"Therefore leaving the principles of the doctrine of Christ, let us go on unto perfection; not laying again the foundation of repentance from dead works, and of faith toward God, Of the doctrine of baptisms, and of laying on of hands, and of resurrection of the dead, and of eternal judgment. And this will we do, if God permit." Hebrews 6:1-3
Now what is it then that the Apostle instructs these slothful students of the scriptures to do? Leave! Leave off with the picture. Verses 1-3 of Hebrews 6 is a reference to the old testament principles pointing at Christ in the dead works of sacrificial offerings. Dead works in that they had no saving virtue in them.
David a man of Faith was raised above the carnal ordinance of sacrifices to see what was acceptable with GOD. Not the blood of bulls and goats, but the blood of Jesus Christ without spot and blemish. "For thou desirest not sacrifice; else would I give it: thou delightest not in burnt offering. The sacrifices of God are a broken spirit: a broken and a contrite heart, O God, thou wilt not despise." (Psalm 50:16-17).
And this speaks first of that humble servant who was meek and lonely of heart. Jesus Christ his heart, his work and his brokenness alone is accepted with the Father. I suggest that you give that heart to GOD if ever you shall be heard of him. This too is the only way your guilty sin stained conscience can be free of the condemnation of the Law. "For if the blood of bulls and of goats, and the ashes of an heifer sprinkling the unclean, sanctifieth to the purifying of the flesh: How much more shall the blood of Christ, who through the eternal Spirit offered himself without spot to God, purge your conscience from dead works to serve the living God?" (Hebrews 9:13-14).

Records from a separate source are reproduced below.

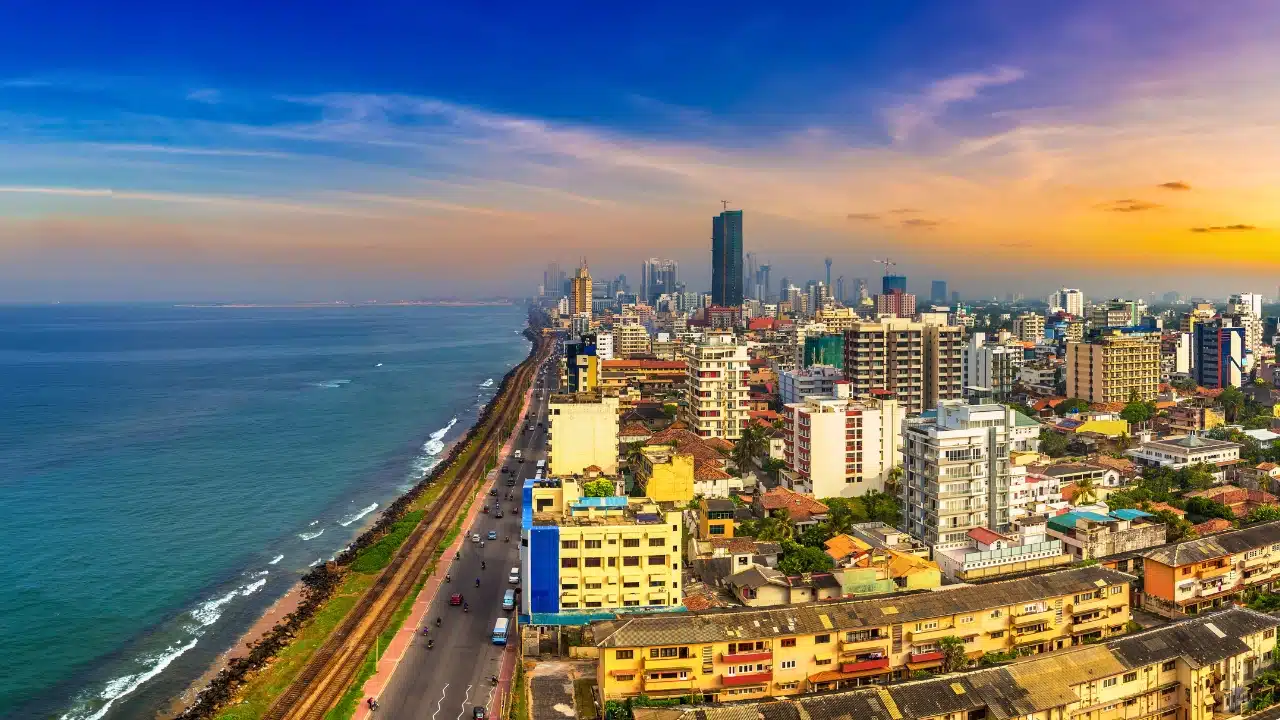 Colombo skyline along the Indian Ocean featuring high-rise buildings, seaside road, and colorful sunset sky in Sri Lanka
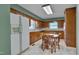 Traditional kitchen with wood cabinets, a dining table, and modern appliances at 1105 Hargrove St, Henderson, NC 27536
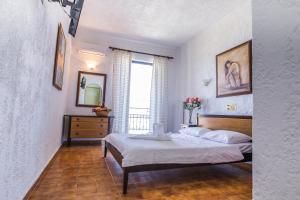 A bed or beds in a room at Creta Aquamarine Hotel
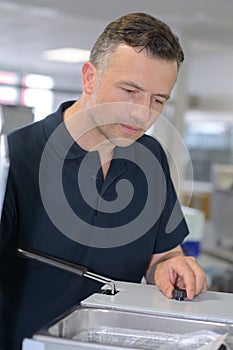 Man fixing a deep-fryer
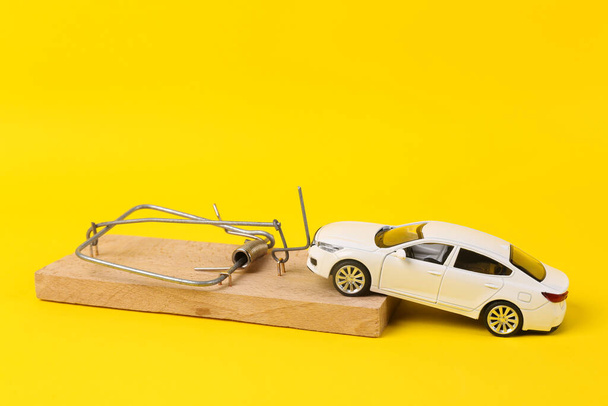 Model hraček s pastí na myši na žlutém pozadí. Skryté problémy při nákupu auta - Fotografie, Obrázek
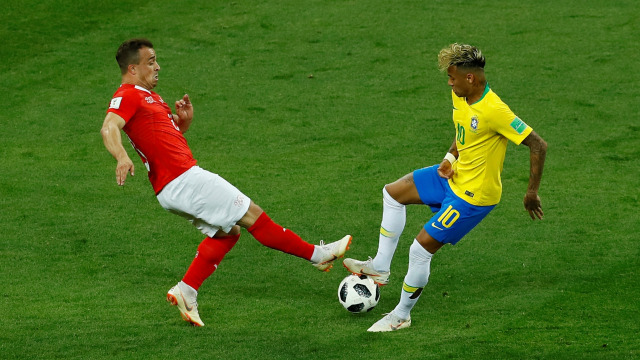 Duel di laga Brasil vs Swiss. (Foto: REUTERS/Jason Cairnduff)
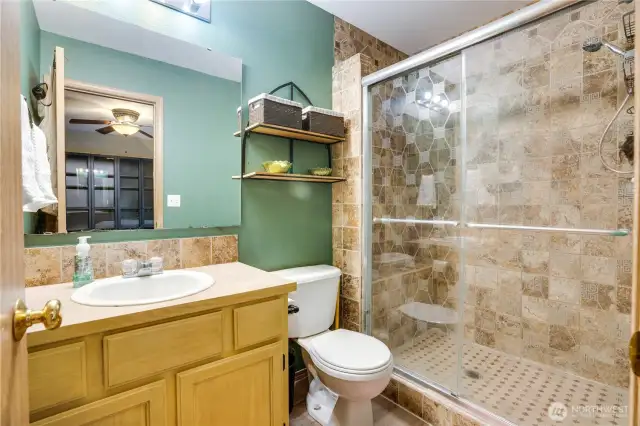 The primary bathroom is sure to please with the oversized shower with tile surround, large vanity, and newer paint!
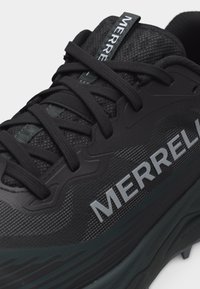 Μαύρο αθλητικό παπούτσι Merrell με υφασμάτινη υφή, χοντρή σόλα και μαύρα κορδόνια που διασταυρώνονται πάνω από τη μαξιλαρωμένη γλώσσα με το λογότυπο της μάρκας.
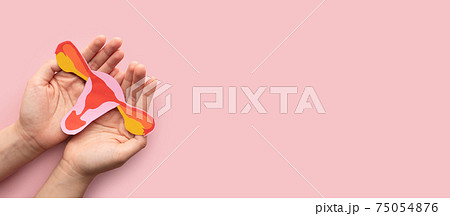 Female reproductive health concept. Woman hand holding uterus shape made frome paper on pink background. Awareness of uterus illness such as endometriosis, PCOS, STDs or gynecologic cancer. 75054876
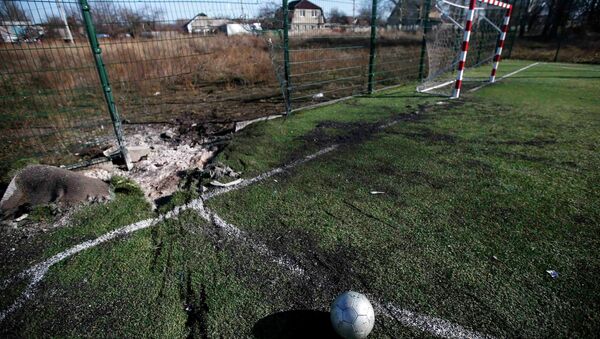 A ball is seen near a crater caused by shelling at a school's soccer field in Donetsk, eastern Ukraine. - Sputnik International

Do you see it? It takes the same GOD that places the burden of guilt upon the condemned sinners conscience by the Law, to remove it by the proper and acceptable sacrifice. The blood of his son, to be brought to GOD by Faith alone. David knew that the mere ritual and formality of orthodox worship was not acceptable with GOD. His heart still condemned him. GOD was greater than his heart, and pressed out of his servant this eternal truth, sacrifices and offerings thou wouldst not. True repentance is a work of Grace, not a work of the Law. Real genuine repentance is exactly what Faith in Christ does. Turn you from the futility and emptiness of works to serve the true and the living GOD.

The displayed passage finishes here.